Stored data
=== Begin Enclosure ===
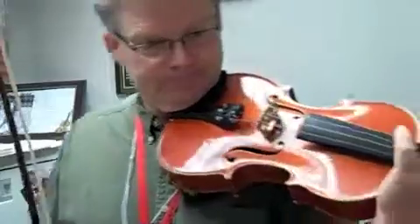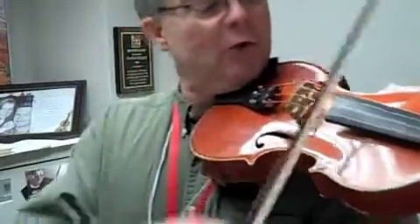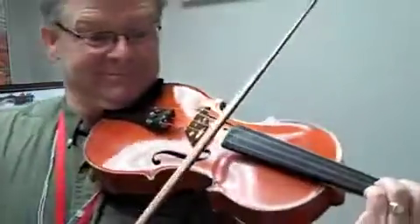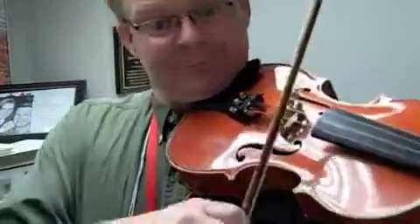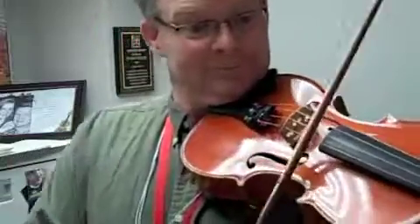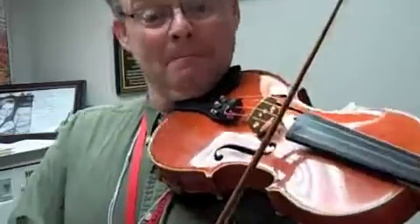Here we go. One, two, three, four. One, two, four, one, two, four, one, two, four, one, two, three, four, one, two, three, four, one, two.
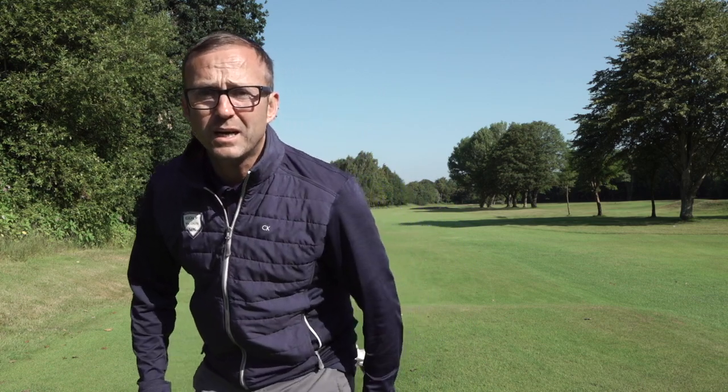I often get asked what are the best golf clubs for a beginner or somebody who's not got a big budget. Normally I say just get yourself some old clubs, second-hand clubs from like five years ago and they'll do you. But today what I'm going to show you is probably the best set of clubs you can buy for your money. And I mean that.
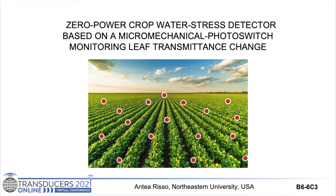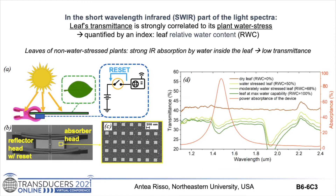Hi, my name is Antea. Our work reports the first zero power crop water stress detector based on a micro-mechanical photo switch monitoring leaf transmittance change. The technique I'm presenting today relies on the dependence of leaf transmittance on plant water stress, which is quantified by a parameter called leaf relative water content, referred to as RWC from now on.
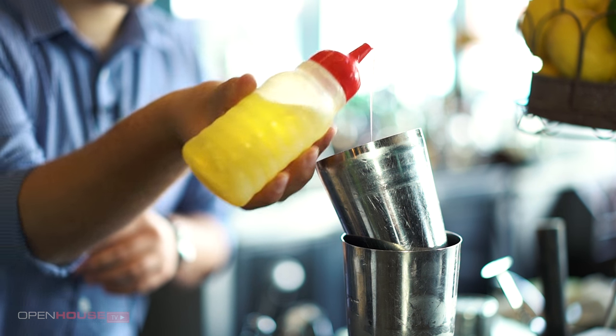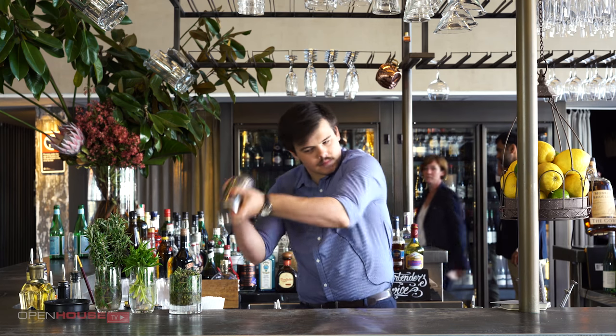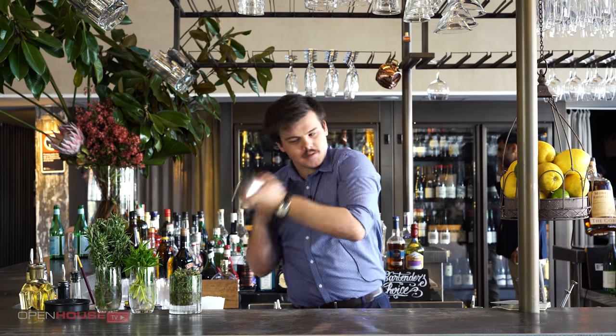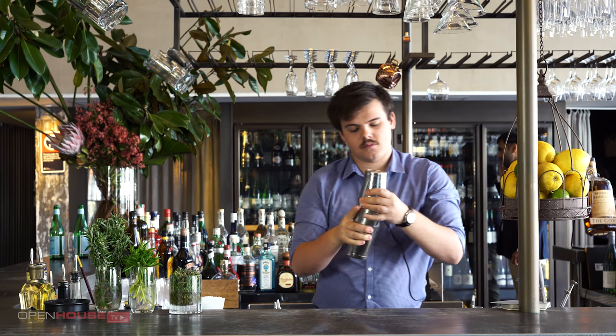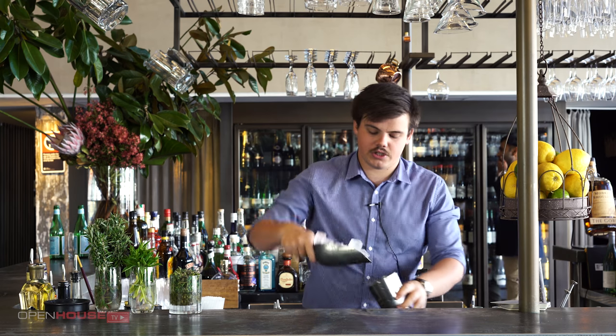Splash of egg white. Give that a dry shake. Shake with some ice.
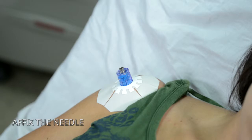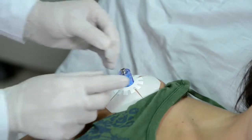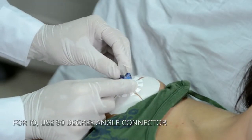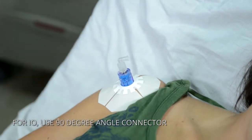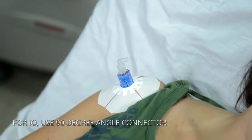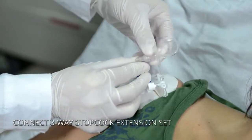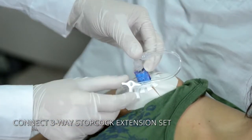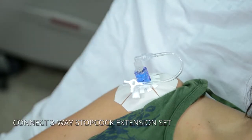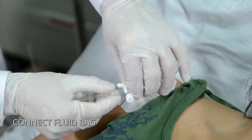Use the IO drill adapter when applicable. The Go IO has a unique extension set with a 90-degree angle luer lock connector, enabling the kit to work with both IO and IV lines. The extension set consists of a three-way stopcock, which allows simultaneous administration of medications, fluids, and blood products. This unique set prevents kinking of the line and allows for uninterrupted flow. Connect fluids and other items to the extension set as needed.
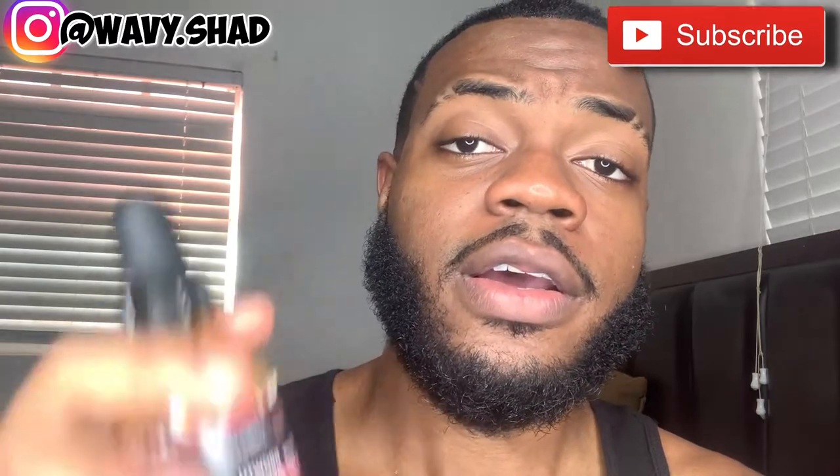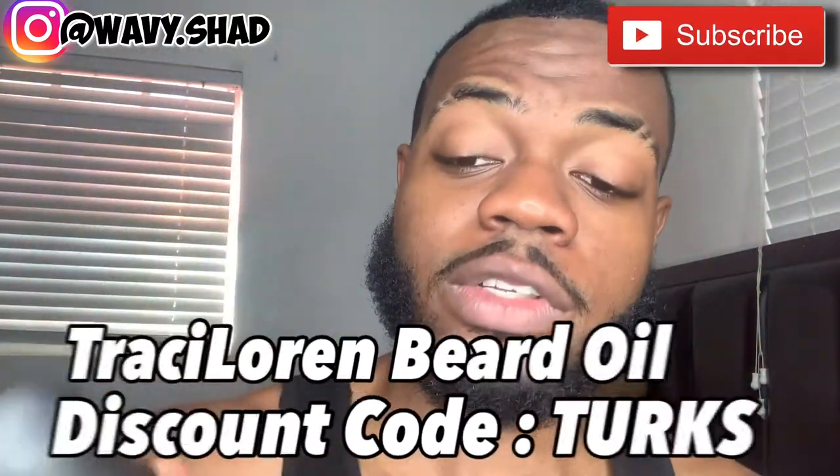Do not shave underneath your neck. Second tip: you have to keep your beard moisturized. You cannot leave your beard dry. This is beard oil — you can find it in the link in the description below with a discount code at checkout. I use this oil every single day. Keep your beard moisturized, apply some beard oils. The way you love your beard is the way your beard is gonna love you back.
=== End Enclosure ===
(Task to complete): Go back to the lines above and output, exactly as they stand, the ones from the line containing "Splash of egg" to the line containing "Use the IO drill". Leave all pictures behind.

(Answer section):
Splash of egg white. Give that a dry shake. Shake with some ice.
Use the IO drill adapter when applicable. The Go IO has a unique extension set with a 90-degree angle luer lock connector, enabling the kit to work with both IO and IV lines. The extension set consists of a three-way stopcock, which allows simultaneous administration of medications, fluids, and blood products. This unique set prevents kinking of the line and allows for uninterrupted flow. Connect fluids and other items to the extension set as needed.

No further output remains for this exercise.